In an observational study, we visited 21 departments of paediatric nephrology in Germany. Participants were doctors (n=19), nurses (n=14) and psychosocial staff (n=16) who were responsible for transition in the relevant centres. Structural elements were surveyed using a short questionnaire. The experiential viewpoint was collected by interviews which were transcribedverbatim before thematic analysis was performed.
This study highlights that professionals working within paediatric nephrology in Germany are well aware of the importance of successful transition. Key elements of transitional care are well understood and mutually agreed on. Nonetheless, implementation within daily routine seems challenging, and the absence of written, structured procedures may hamper successful transition.

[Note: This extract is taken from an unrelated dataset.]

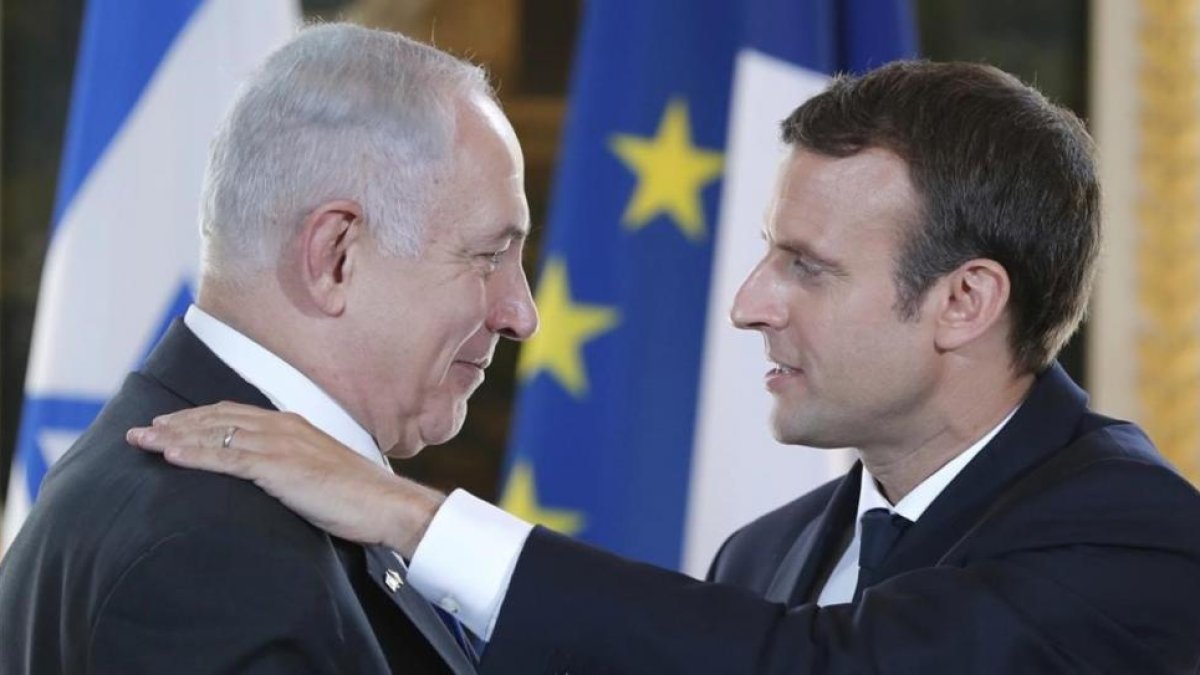 Macron y Netanyahu tras la reunión que han mantenido en París.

While professionals aim for an individual timing of transfer based on medical, social, emotional and structural aspects, rigid regulations on transfer age as given by the relevant health authorities add on to the challenge.

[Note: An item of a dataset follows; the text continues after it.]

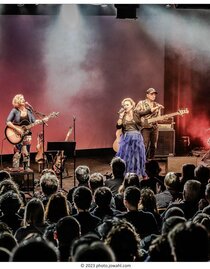 Katharina Straßer mit Band auf der Bühne | © Johannes Wahl | © Johannes Wahl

ISRCTN Registry no 22988897; results (phase I) and pre-results (phase II).
众所周知,转诊作为一种护理转移,标志着青少年生活中的一个脆弱阶段,此时不遵医嘱和移植失败的风险增加。然而,德国肾移植青少年和青年的转诊过程仍未明确界定。本研究旨在评估这一青年群体与转诊相关的结构。特别关注该过程的时间安排。
在一项观察性研究中,我们走访了德国21个儿科肾脏病科室。参与者包括相关中心负责转诊工作的医生(n = 19)、护士(n = 14)和心理社会工作人员(n = 16)。使用简短问卷对结构要素进行了调查。通过访谈收集经验观点,在进行主题分析之前逐字转录访谈内容。
本研究强调,德国儿科肾脏病领域的专业人员充分意识到成功转诊的重要性。过渡性护理的关键要素得到了很好的理解并达成了共识。尽管如此,在日常工作中的实施似乎具有挑战性,缺乏书面的、结构化的程序可能会阻碍成功转诊。
虽然专业人员旨在根据医疗、社会、情感和结构方面确定个性化的转诊时间,但相关卫生当局对转诊年龄的严格规定增加了挑战。
ISRCTN注册编号22988897;结果(第一阶段)和预结果(第二阶段)。